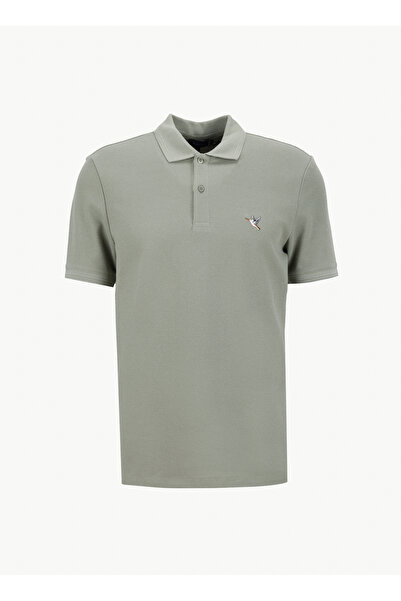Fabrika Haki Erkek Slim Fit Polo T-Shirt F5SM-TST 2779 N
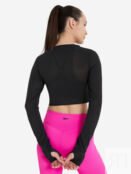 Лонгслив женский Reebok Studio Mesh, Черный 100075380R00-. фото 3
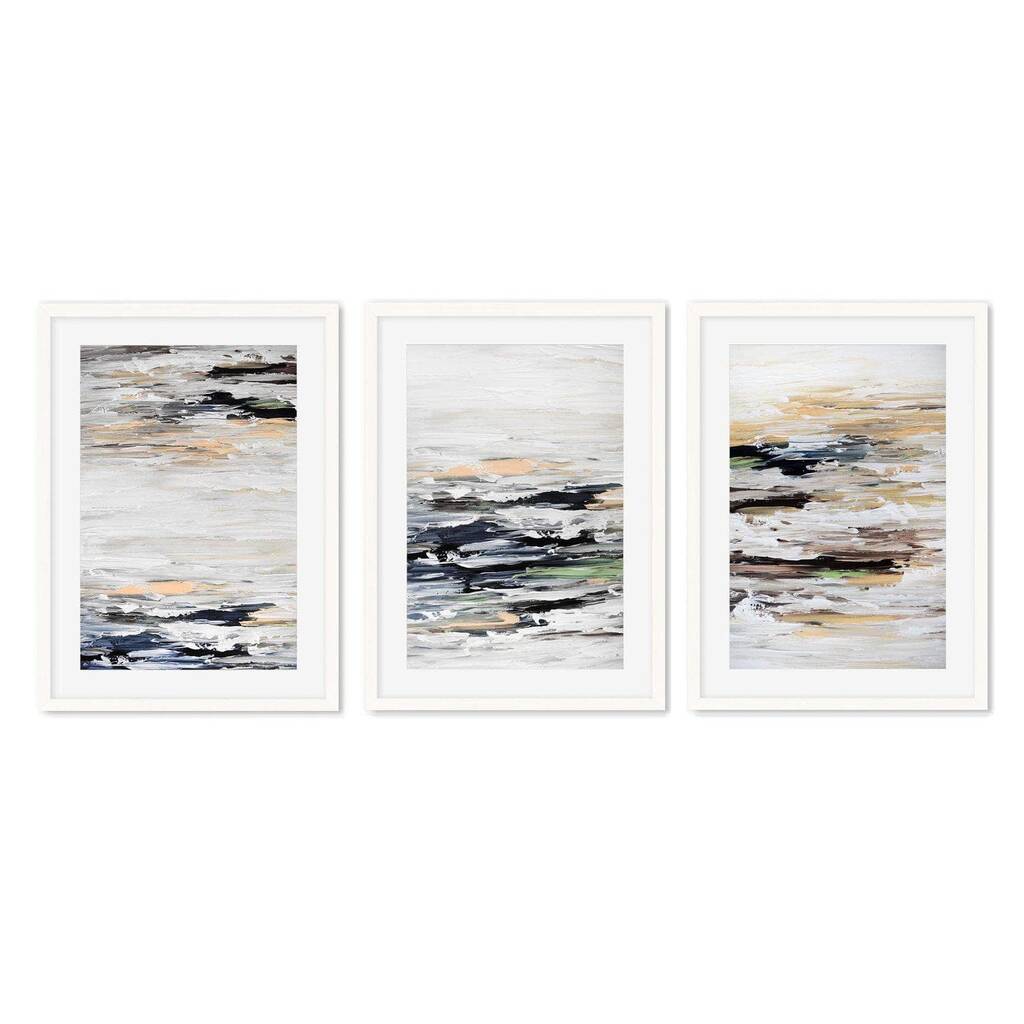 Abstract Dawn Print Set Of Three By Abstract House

---

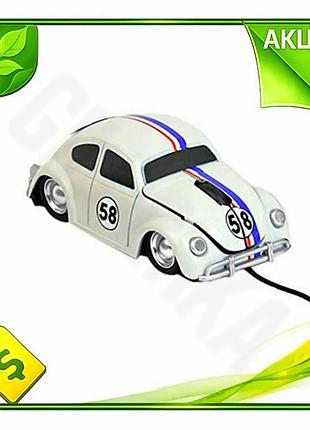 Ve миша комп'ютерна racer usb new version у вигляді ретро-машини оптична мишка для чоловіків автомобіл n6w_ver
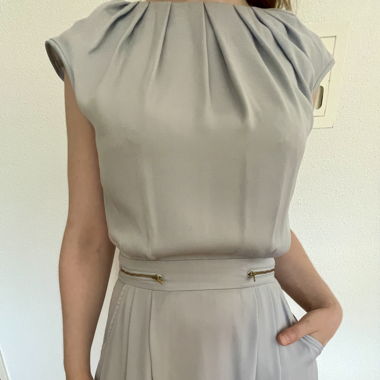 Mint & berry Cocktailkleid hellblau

Problem to work on:
Give back exactly the lines above that run from the one with "Fabrika Haki Erkek" to the one with "Abstract Dawn Print", including both, with the pictures left out.

Answer below:
Fabrika Haki Erkek Slim Fit Polo T-Shirt F5SM-TST 2779 N
 Лонгслив женский Reebok Studio Mesh, Черный 100075380R00-. фото 3
 Abstract Dawn Print Set Of Three By Abstract House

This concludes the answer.